» **Problem**
In full and without error, repeat the entries below.

» **Exercise data**
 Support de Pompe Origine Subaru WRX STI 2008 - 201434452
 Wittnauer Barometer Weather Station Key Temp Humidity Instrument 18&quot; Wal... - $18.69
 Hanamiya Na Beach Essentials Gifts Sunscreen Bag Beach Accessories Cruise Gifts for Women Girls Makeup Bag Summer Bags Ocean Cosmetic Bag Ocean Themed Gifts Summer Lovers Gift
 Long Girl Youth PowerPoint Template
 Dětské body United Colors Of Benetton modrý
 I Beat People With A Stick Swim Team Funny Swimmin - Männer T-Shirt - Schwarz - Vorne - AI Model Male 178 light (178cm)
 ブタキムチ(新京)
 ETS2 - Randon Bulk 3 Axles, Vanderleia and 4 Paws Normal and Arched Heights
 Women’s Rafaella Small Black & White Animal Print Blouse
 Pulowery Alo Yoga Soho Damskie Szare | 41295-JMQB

» **Output for this exercise**
 Support de Pompe Origine Subaru WRX STI 2008 - 201434452
 Wittnauer Barometer Weather Station Key Temp Humidity Instrument 18&quot; Wal... - $18.69
 Hanamiya Na Beach Essentials Gifts Sunscreen Bag Beach Accessories Cruise Gifts for Women Girls Makeup Bag Summer Bags Ocean Cosmetic Bag Ocean Themed Gifts Summer Lovers Gift
 Long Girl Youth PowerPoint Template
 Dětské body United Colors Of Benetton modrý
 I Beat People With A Stick Swim Team Funny Swimmin - Männer T-Shirt - Schwarz - Vorne - AI Model Male 178 light (178cm)
 ブタキムチ(新京)
 ETS2 - Randon Bulk 3 Axles, Vanderleia and 4 Paws Normal and Arched Heights
 Women’s Rafaella Small Black & White Animal Print Blouse
 Pulowery Alo Yoga Soho Damskie Szare | 41295-JMQB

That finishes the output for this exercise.